2. The speech coding apparatus of claim 1, wherein said memory has a storage capacity sufficient for storing said convolution calculation needed for a search.

3. The speech coding apparatus of claim 1, wherein said controller effects an erasure of said convolution calculation that is not used in said current search operation by shifting a plurality of convolution calculations stored in said memory, while effecting a storing of said convolution calculation to be used in said current search operation, obtained by said linear predictive synthesis filter, in a vacant area of said memory.

4. The speech coding apparatus of claim 1, further comprising: a pitch determiner that determines whether a pitch period exceeds a predetermined value using pitch length data associated with said speech input signal, said linear predictive synthesis filter computing only said first convolution calculation after said subsequent search operation when said pitch determiner determines that said pitch period exceeds said predetermined value.

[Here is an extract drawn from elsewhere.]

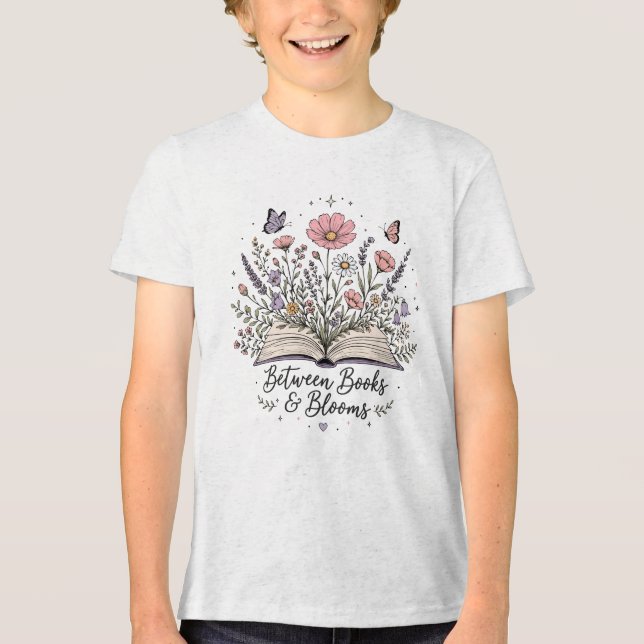 Bland böcker och blommar bokälskare läsare t shirt (Framsida)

5. The speech coding apparatus of claim 1, further comprising: an additional memory that stores a plurality of pitch reproduced excitation pulse sequences.

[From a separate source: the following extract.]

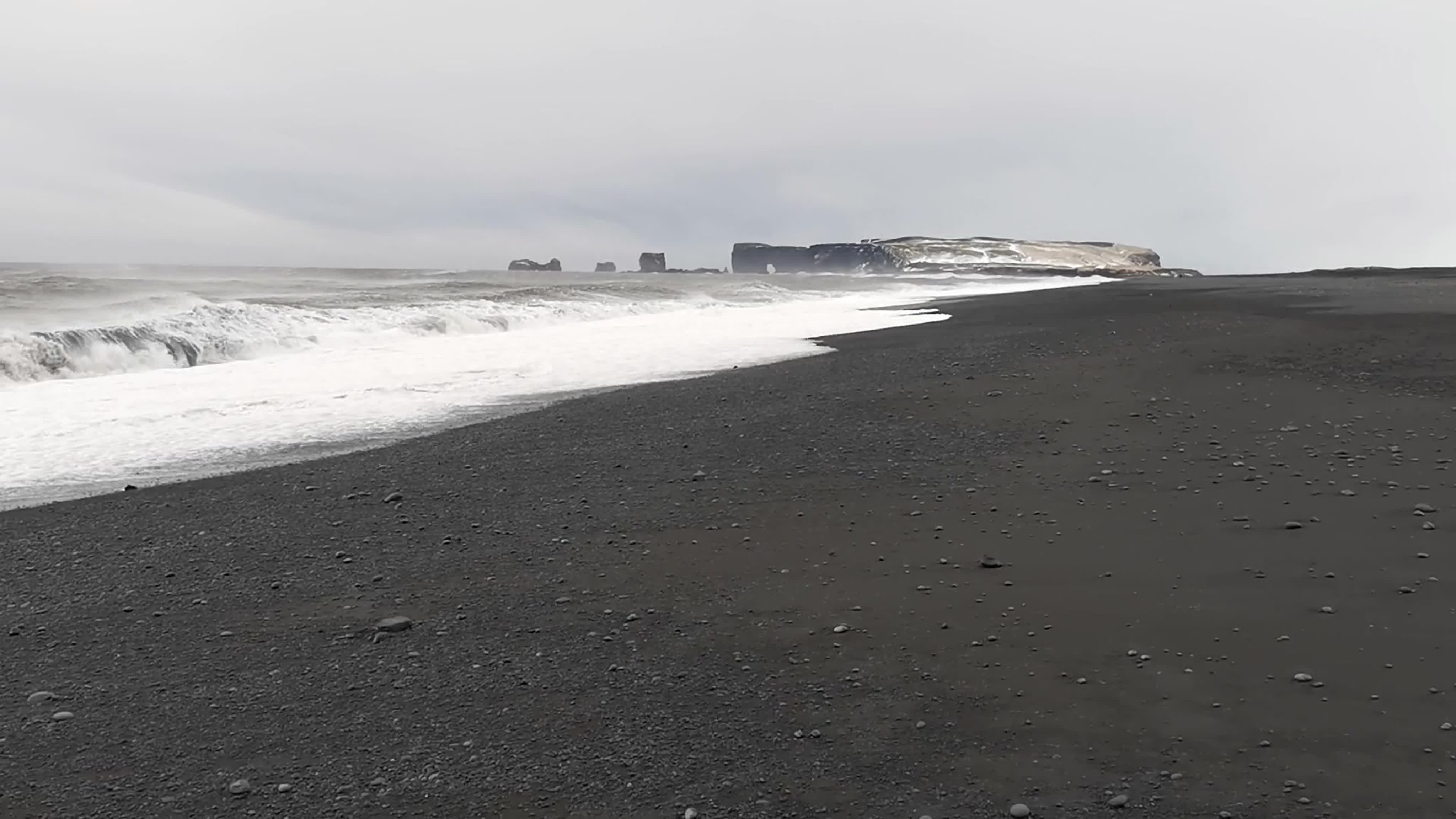 Reynisfjara beach, пляж рейнисфьяара, чёрный пляж около пос вик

6. The speech coding apparatus of claim 5, wherein said pitch is reproduced from a previous excitation pulse sequence generated by said generator.

7. The speech coding apparatus of claim 5, wherein said linear predictive synthesis filter sequentially obtains said convolution computation by reading a pitch reproduced excitation pulse sequence, of said plurality of pitch reproduced excitation pulse sequences, from said additional memory.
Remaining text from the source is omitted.